About this exercise:
From the first line to the last, copy the material exactly and leave the pictures out.

- Opening Delimiter -

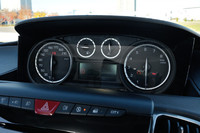 メーターのアップ。手前に点灯しているのは、アイドリングストップ機能のON／OFFボタン。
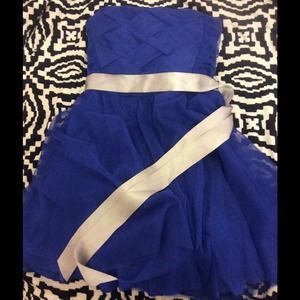 Elegant strapless little blue dress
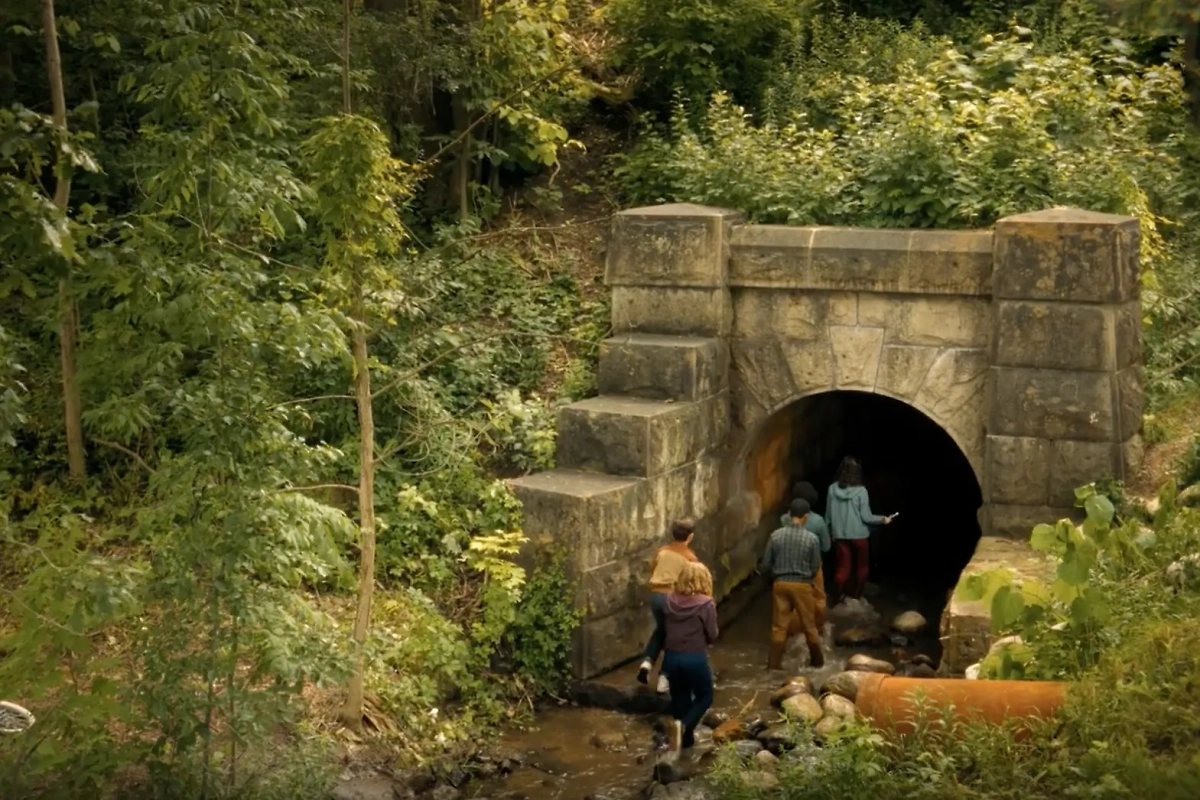 «Оно: добро пожаловать в Дерри» — сериал, про который можно найти множество интересных фактов. Фото © «Оно: Добро пожаловать в Дерри», режиссёр Андрес Мускетти, сценаристы Андрес Мускетти, Барбара Мускетти, Стивен Кинг и др. / Kinopoisk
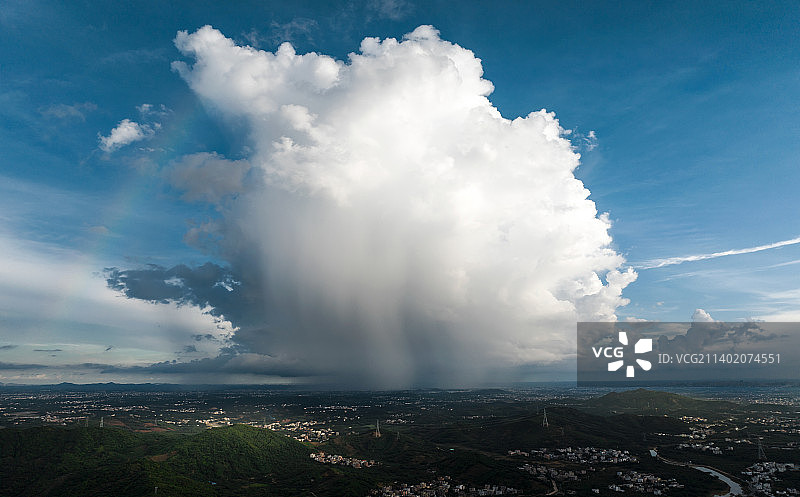 超大单体积雨云+彩虹图片素材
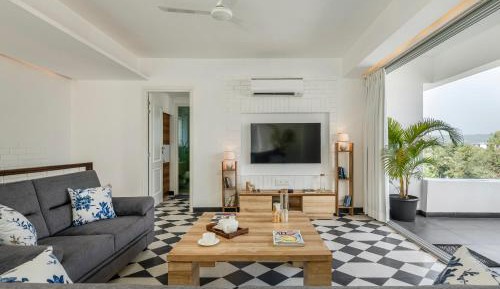 ElTesoro-Brand new apt with large terrace -Siolim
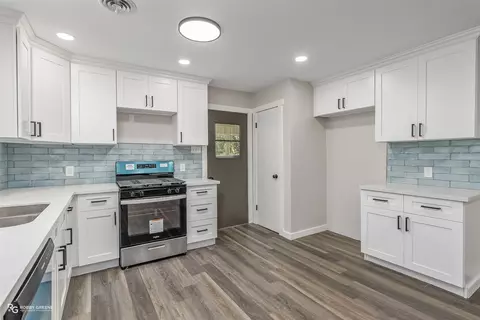 Kitchen - 1105 Drew Ln, Minden, LA 71055 photo 1 of 4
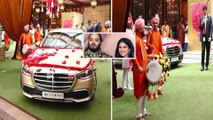Anant Radhika Wedding: परिवार हुआ Wedding Venue के लिए रवाना, Antilia में ढोल-नगाड़ो का Inside Video!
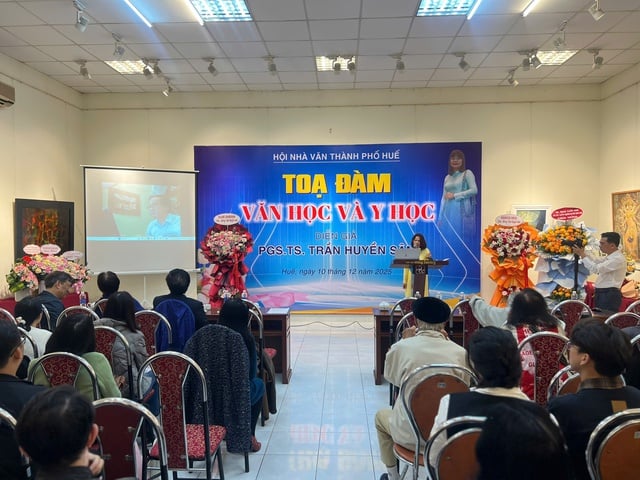 Văn học là suối nguồn nuôi dưỡng trái tim người thầy thuốc- Ảnh 1.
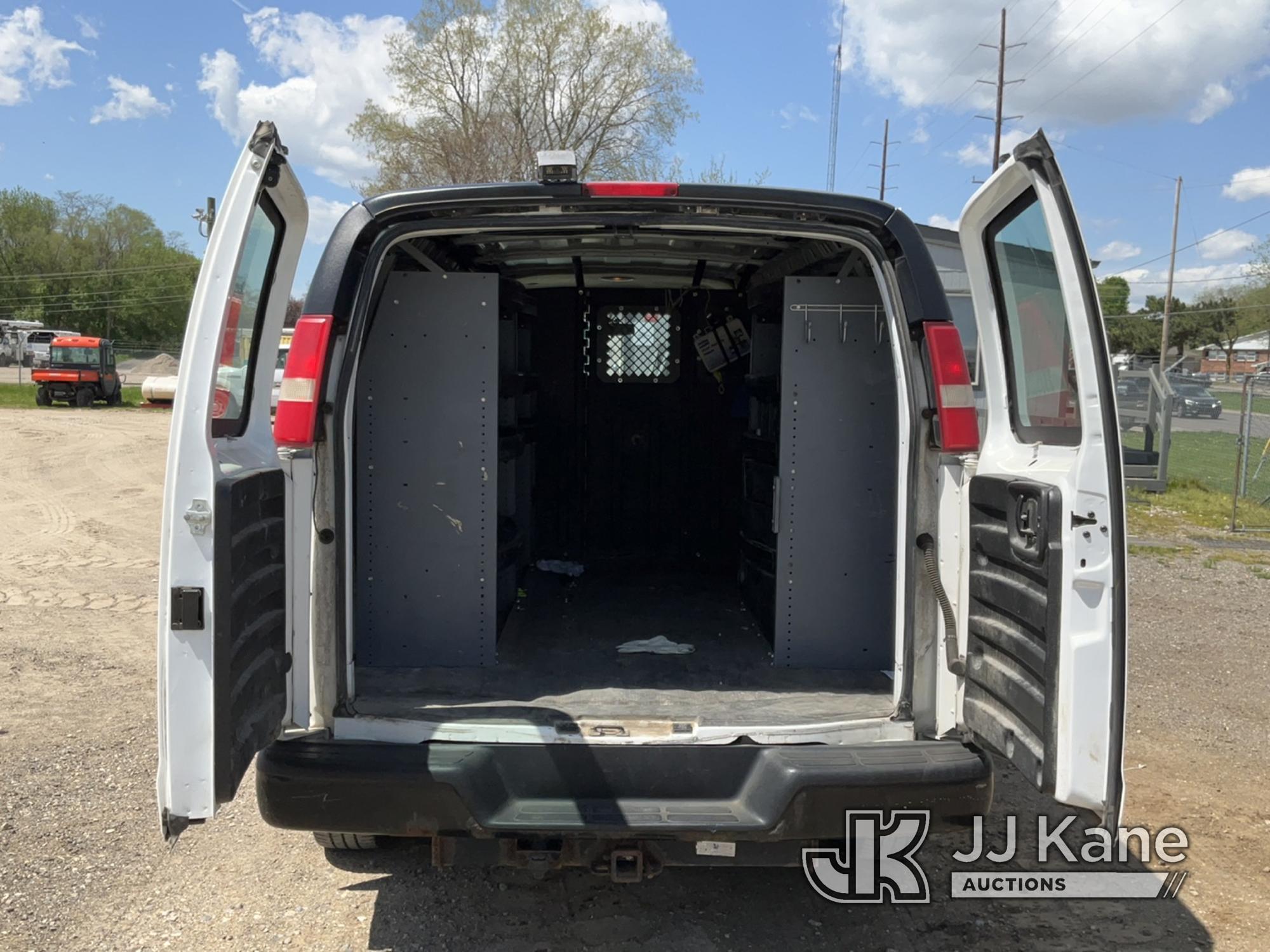 (Charlotte, MI) 2011 Chevrolet Express G2500 Cargo Van Runs, Moves, Rust, Body Damage, Belt Noise, s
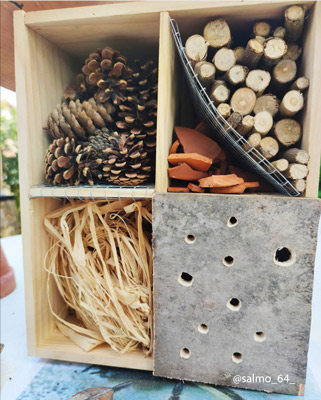 Tuto : comment fabriquer hôtel à insectes pour le jardin, Remplir les casiers avec différents matériaux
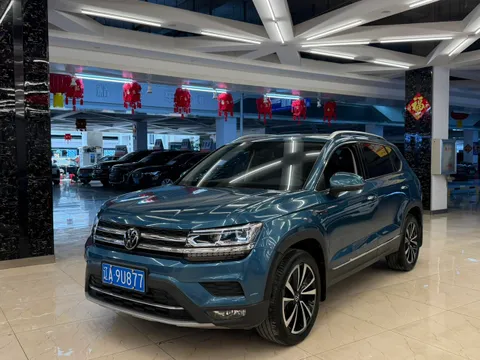 Volkswagen Tharu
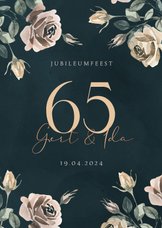 Klassieke jubileum uitnodiging 65 jaar getrouwd met bloemen
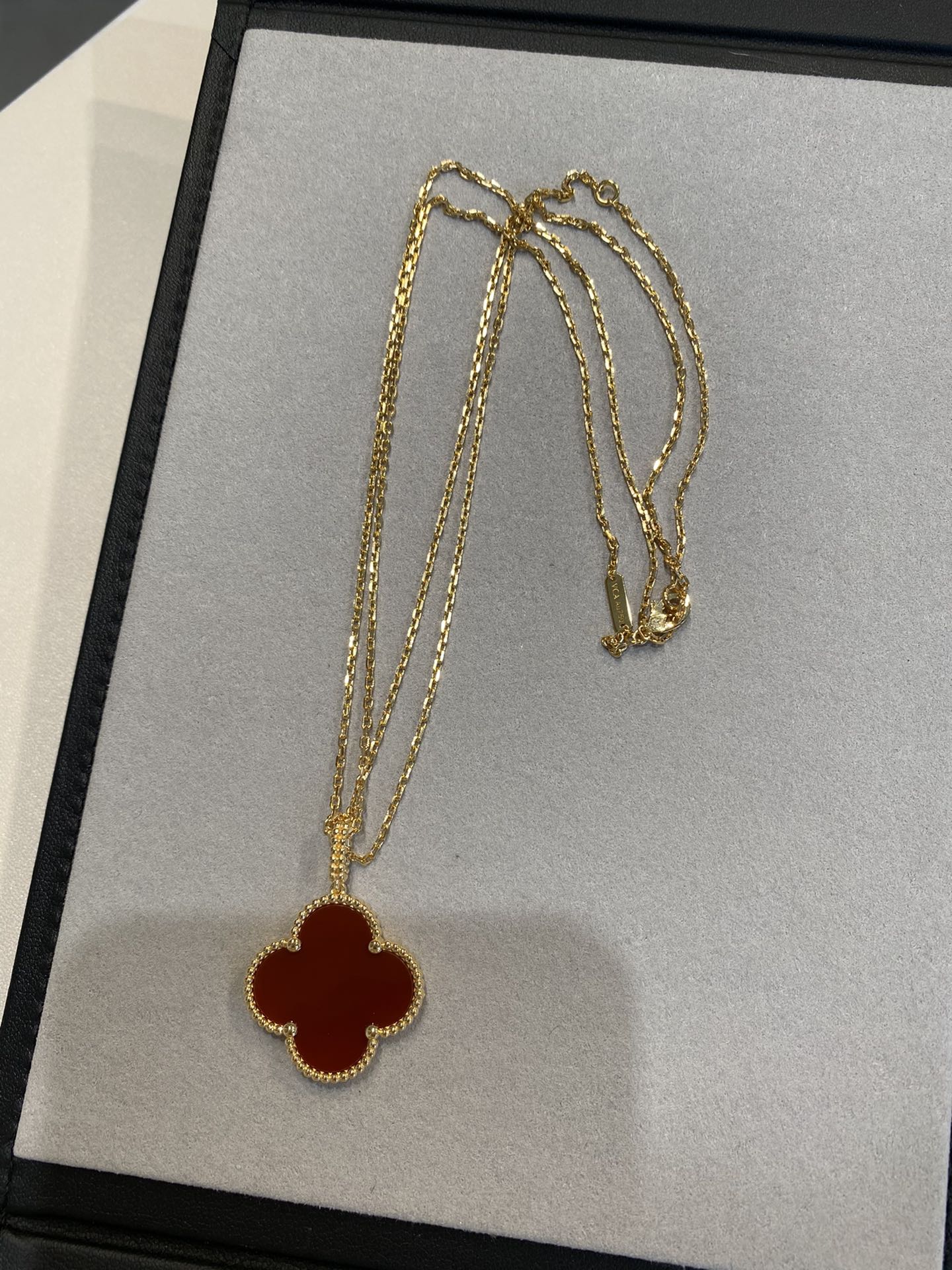 [Vintora]CLOVER 25MM NECKLACE GOLD CARNELIAN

- Closing Delimiter -

Expected answer:
 メーターのアップ。手前に点灯しているのは、アイドリングストップ機能のON／OFFボタン。
 Elegant strapless little blue dress
 «Оно: добро пожаловать в Дерри» — сериал, про который можно найти множество интересных фактов. Фото © «Оно: Добро пожаловать в Дерри», режиссёр Андрес Мускетти, сценаристы Андрес Мускетти, Барбара Мускетти, Стивен Кинг и др. / Kinopoisk
 超大单体积雨云+彩虹图片素材
 ElTesoro-Brand new apt with large terrace -Siolim
 Kitchen - 1105 Drew Ln, Minden, LA 71055 photo 1 of 4
Anant Radhika Wedding: परिवार हुआ Wedding Venue के लिए रवाना, Antilia में ढोल-नगाड़ो का Inside Video!
 Văn học là suối nguồn nuôi dưỡng trái tim người thầy thuốc- Ảnh 1.
 (Charlotte, MI) 2011 Chevrolet Express G2500 Cargo Van Runs, Moves, Rust, Body Damage, Belt Noise, s
 Tuto : comment fabriquer hôtel à insectes pour le jardin, Remplir les casiers avec différents matériaux
 Volkswagen Tharu
 Klassieke jubileum uitnodiging 65 jaar getrouwd met bloemen
 [Vintora]CLOVER 25MM NECKLACE GOLD CARNELIAN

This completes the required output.